* Work request *
Scan the entries below for the word "Clear" and copy every line in which it occurs.

Short web captions
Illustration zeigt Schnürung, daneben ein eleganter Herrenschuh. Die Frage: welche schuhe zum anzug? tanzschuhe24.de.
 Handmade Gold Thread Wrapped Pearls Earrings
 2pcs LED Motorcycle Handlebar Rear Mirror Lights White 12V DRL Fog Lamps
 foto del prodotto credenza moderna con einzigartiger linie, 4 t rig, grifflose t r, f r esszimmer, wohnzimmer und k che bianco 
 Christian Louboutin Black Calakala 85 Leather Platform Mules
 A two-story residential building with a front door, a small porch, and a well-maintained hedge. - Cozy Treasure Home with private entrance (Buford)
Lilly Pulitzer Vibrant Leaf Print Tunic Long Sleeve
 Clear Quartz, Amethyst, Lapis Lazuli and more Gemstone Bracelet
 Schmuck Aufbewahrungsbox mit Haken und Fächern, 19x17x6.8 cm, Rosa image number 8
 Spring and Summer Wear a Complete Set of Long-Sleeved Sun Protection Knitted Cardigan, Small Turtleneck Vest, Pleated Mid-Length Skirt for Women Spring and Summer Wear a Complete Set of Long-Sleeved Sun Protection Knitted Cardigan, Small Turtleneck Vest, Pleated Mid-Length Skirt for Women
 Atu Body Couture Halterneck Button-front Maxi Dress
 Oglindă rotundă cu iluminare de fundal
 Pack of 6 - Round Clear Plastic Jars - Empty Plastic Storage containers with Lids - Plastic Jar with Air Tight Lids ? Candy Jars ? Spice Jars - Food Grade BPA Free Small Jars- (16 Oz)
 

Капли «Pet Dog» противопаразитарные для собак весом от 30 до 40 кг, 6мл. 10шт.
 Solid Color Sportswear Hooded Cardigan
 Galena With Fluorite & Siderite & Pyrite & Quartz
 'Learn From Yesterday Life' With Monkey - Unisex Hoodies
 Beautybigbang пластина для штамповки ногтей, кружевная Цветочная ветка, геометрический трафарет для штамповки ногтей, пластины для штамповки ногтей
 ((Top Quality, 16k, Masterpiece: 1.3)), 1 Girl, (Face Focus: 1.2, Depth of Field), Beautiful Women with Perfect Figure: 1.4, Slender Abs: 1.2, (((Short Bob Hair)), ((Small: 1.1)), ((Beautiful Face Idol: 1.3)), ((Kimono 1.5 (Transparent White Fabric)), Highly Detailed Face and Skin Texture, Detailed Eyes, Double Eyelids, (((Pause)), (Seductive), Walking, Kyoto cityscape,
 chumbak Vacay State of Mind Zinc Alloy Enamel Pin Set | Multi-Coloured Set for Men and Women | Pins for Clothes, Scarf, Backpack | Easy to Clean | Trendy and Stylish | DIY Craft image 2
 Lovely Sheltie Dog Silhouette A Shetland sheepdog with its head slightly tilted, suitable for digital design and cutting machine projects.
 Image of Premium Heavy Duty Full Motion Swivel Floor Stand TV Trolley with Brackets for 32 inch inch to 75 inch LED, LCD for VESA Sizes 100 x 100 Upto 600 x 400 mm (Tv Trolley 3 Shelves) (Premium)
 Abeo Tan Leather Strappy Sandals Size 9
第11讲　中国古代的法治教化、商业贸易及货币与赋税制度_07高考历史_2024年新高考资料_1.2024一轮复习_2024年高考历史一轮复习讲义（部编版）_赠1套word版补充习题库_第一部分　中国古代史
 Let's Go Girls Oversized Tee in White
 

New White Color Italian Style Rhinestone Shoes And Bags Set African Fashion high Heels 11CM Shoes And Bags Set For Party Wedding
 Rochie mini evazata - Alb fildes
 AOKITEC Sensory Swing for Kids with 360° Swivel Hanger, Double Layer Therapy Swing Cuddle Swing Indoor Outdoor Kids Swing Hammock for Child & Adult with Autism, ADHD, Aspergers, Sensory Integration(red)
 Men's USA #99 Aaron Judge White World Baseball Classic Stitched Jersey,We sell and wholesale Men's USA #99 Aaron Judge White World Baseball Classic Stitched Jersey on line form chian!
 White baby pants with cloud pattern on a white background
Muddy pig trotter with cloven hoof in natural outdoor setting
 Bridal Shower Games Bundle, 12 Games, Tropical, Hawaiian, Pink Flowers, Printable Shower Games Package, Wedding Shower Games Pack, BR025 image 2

* Answer space *
 Clear Quartz, Amethyst, Lapis Lazuli and more Gemstone Bracelet
 Pack of 6 - Round Clear Plastic Jars - Empty Plastic Storage containers with Lids - Plastic Jar with Air Tight Lids ? Candy Jars ? Spice Jars - Food Grade BPA Free Small Jars- (16 Oz)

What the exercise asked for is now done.